* **Exercise description**:
Setting pictures aside, output exactly the lines from the start of the records to the line with "Abbigliamento per cani", that line included.

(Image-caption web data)

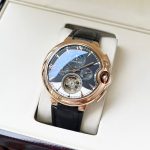 Cartier Rotonde de Cartier – Men's 18K Rose Gold Skeleton Tourbillon Watch with White Dial, Multiple Complications, and Black Alligator Strap - 图片 3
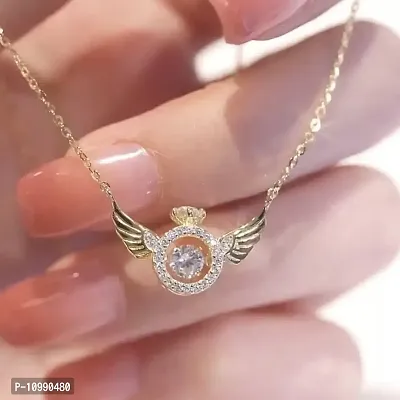 Elegant Angel Wings Golden Ring Shape Pendant Necklace For Women And Girls-thumb2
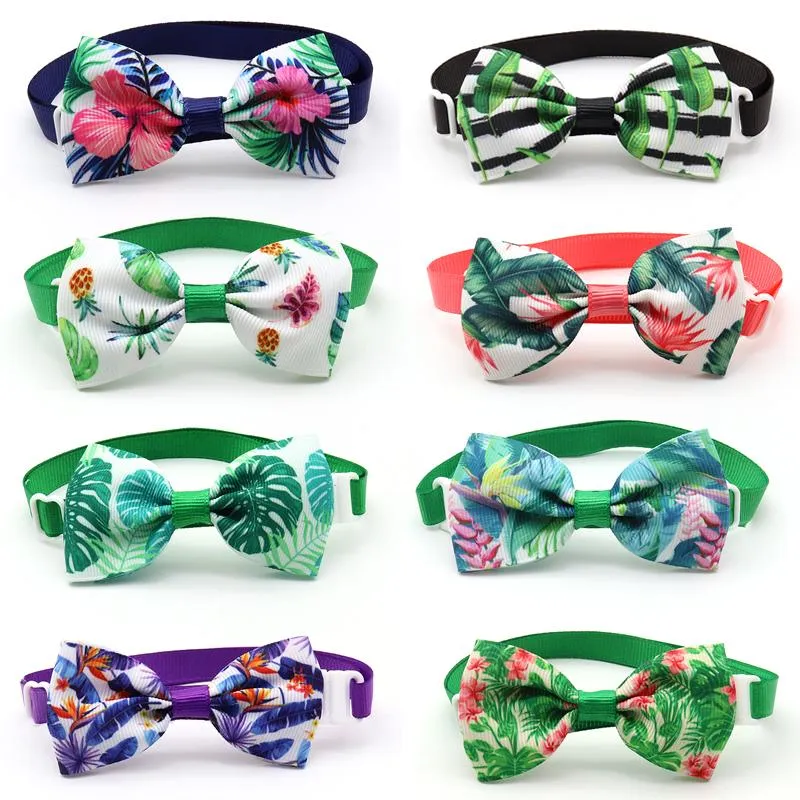 Abbigliamento per cani 30/50 pezzi Accessori per animali domestici Papillon Fiore vegetale tropicale Papillon estivo Cravatta di misura regolabile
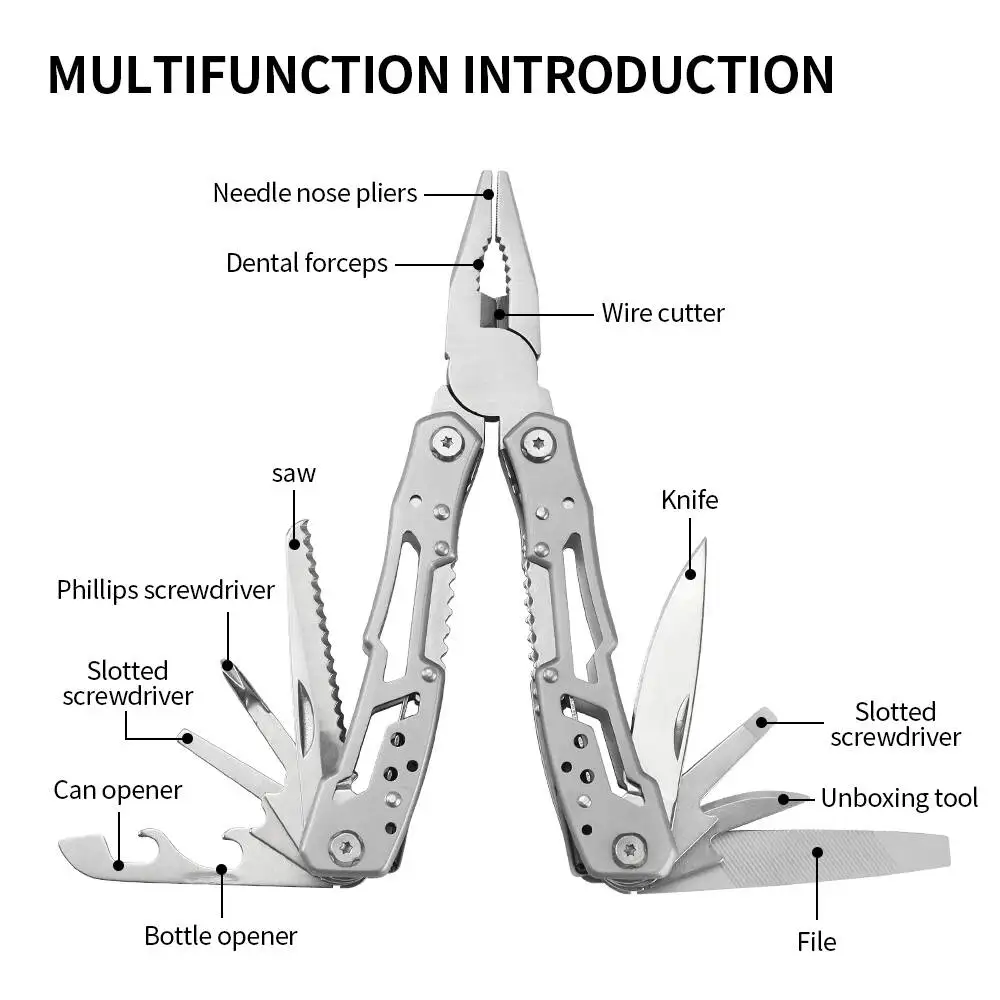 Wielofunkcyjne składane szczypce ze stali nierdzewnej Multitool scyzoryk szczypce przenośne Mini Survival uniwersalne szczypce śrubokręt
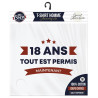 Tee-shirt anniversaire 18 ans garçon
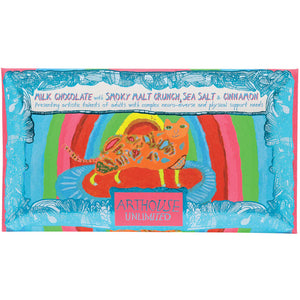 Arthouse Milk Chocolate  Smoky Malt Crunch Sea Salt & Cinnamon.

* **Response to the exercise**:
 Cartier Rotonde de Cartier – Men's 18K Rose Gold Skeleton Tourbillon Watch with White Dial, Multiple Complications, and Black Alligator Strap - 图片 3
 Elegant Angel Wings Golden Ring Shape Pendant Necklace For Women And Girls-thumb2
 Abbigliamento per cani 30/50 pezzi Accessori per animali domestici Papillon Fiore vegetale tropicale Papillon estivo Cravatta di misura regolabile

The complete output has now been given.